Work instruction. Once the pictures are removed, restate the listing word for word.

-------- Supplied information

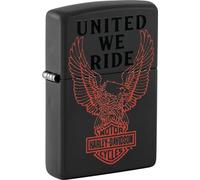 Zippo Accendino Harley Davidson Uniti Abbiamo Ride Edizione IN Nero Antivento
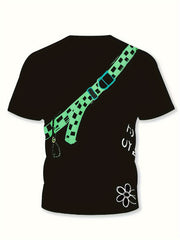 3D Creative Bag Graphic Short Sleeve T shirt For Kids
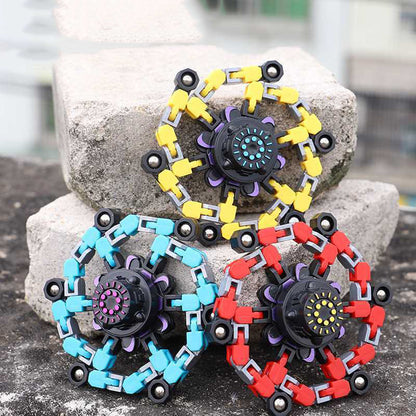 Hand Fidget Spinner Deformable Octopus 6 Feet Sucker Chain Children Toy Game for Adutl Anti Irritability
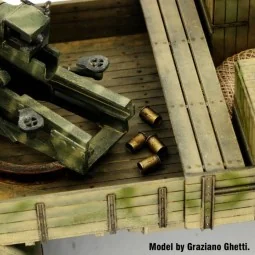 Italian 100/7 100mm Ammunition with wooden crates set-WWII, 1/35 - ...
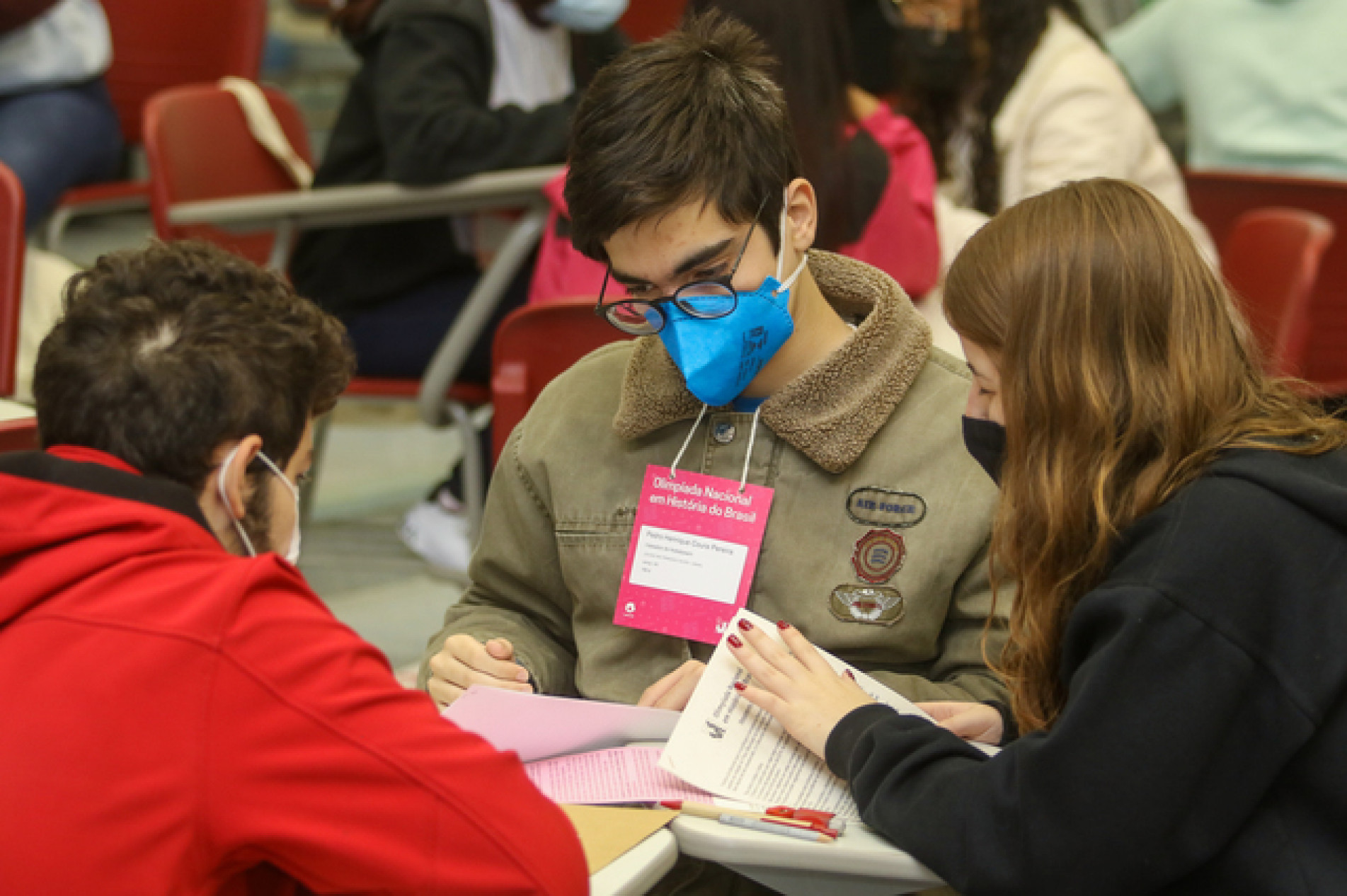 Alunos na ONHB-A do ano passado, 2021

----------------

Problem solution.
 Zippo Accendino Harley Davidson Uniti Abbiamo Ride Edizione IN Nero Antivento
 3D Creative Bag Graphic Short Sleeve T shirt For Kids
 Hand Fidget Spinner Deformable Octopus 6 Feet Sucker Chain Children Toy Game for Adutl Anti Irritability
 Italian 100/7 100mm Ammunition with wooden crates set-WWII, 1/35 - ...
 Alunos na ONHB-A do ano passado, 2021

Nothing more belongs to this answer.